Part V explores strategies for reform. One cluster of initiatives should focus on improving character assessment through training on cognitive, racial, and class biases. A second set of strategies should focus on making the criminal justice system less punitive and more rehabilitative, an approach consistent with public opinion and research on cost-effectiveness. A third group of reforms should target the culture, reward structures, and accountability of prosecutors' offices. A final set of efforts should attempt to make the parole process more equitable and effective, and should ensure the support services for paroled offenders that will make rehabilitation possible.

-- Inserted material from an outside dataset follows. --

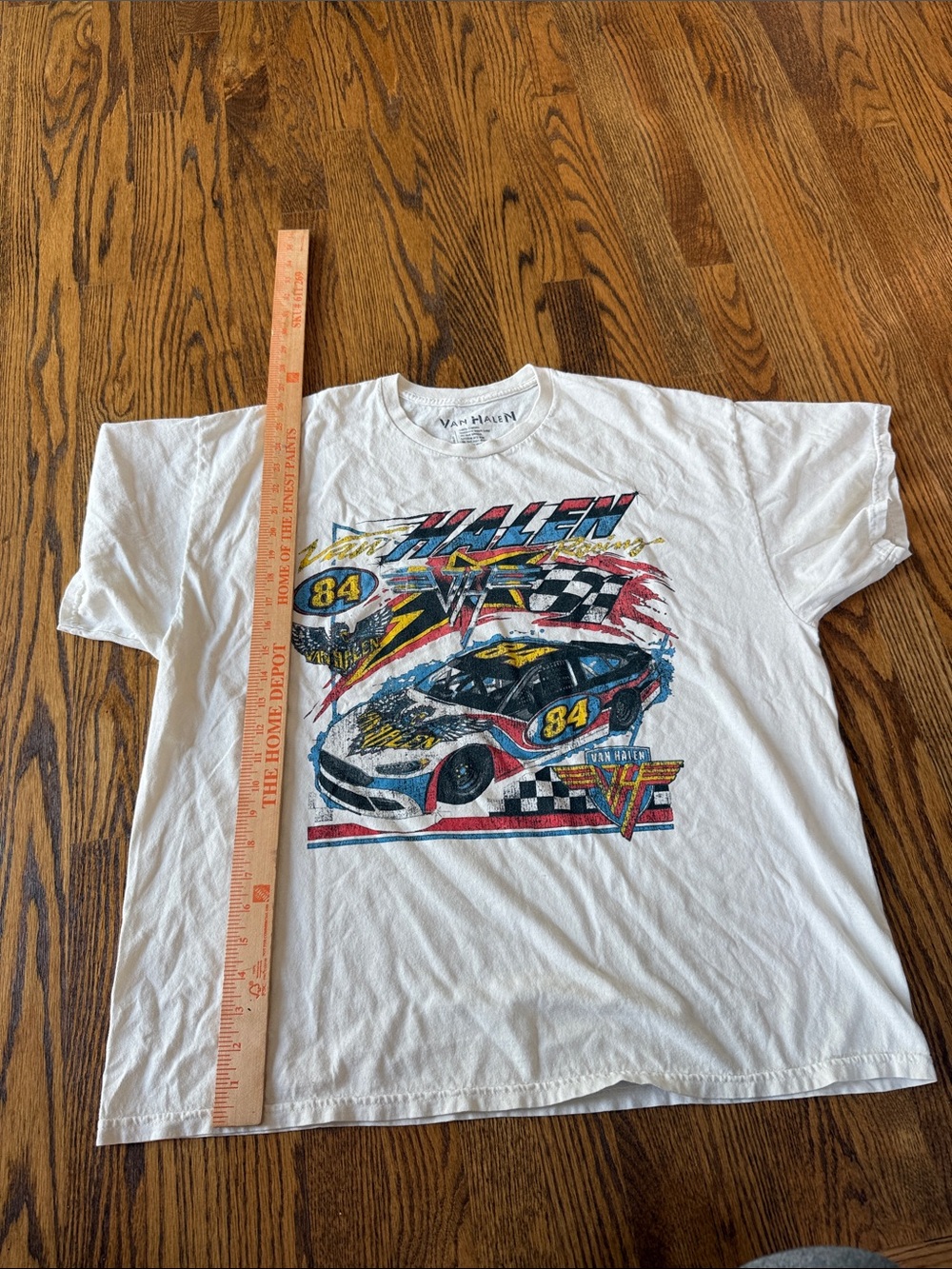Van Halen White Graphic Racing Tee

This is not a modest agenda, but neither are the problems it seeks to address. The vast majority of Americans recognize that the criminal justice system is deeply flawed. What is less commonly appreciated is how misconceptions of character contribute to the problem. If we are seriously committed to designing a more just and effective system, we need to focus more attention on the way we think about character in our approaches to evidence, punishment, and rehabilitation.

[...]

By almost every measure, the American criminal justice system falls far short in its commitment to justice. The vast majority of the public recognize as much. Two thirds to three quarters of Americans agree that the system needs major improvement or a complete overhaul. What is less commonly recognized is that laws and practices related to character are part of the problem; they undermine appropriate principles of evidence, punishment, and rehabilitation. It has been over a half-century since Martin Luther King famously shared his dream that one day all Americans would be "judged not by the color of their skins but by the content of their character." We remain a far distance from that ideal.

To make King's dream a reality will require a deeper commitment to social justice by those most responsible for criminal justice practices. We need individuals of character as judges, prosecutors, legislators, and parole board members who will put concerns about fairness and faith in character rehabilitation before politics and self-interest. That is not to impugn the good intentions of the vast majority of criminal justice decision makers. But it is to suggest that too many have been insufficiently self-reflective about their own potential for bias, and insufficiently informed about the cost-effectiveness of incarceration and its alternatives. More of those leaders need to take responsibility for the failures of the current system and for the development of reforms. And the public needs to hold them accountable if they do not. "Equal Justice Under Law" is a slogan that we put on courthouse doors. It should better describe what goes on inside them.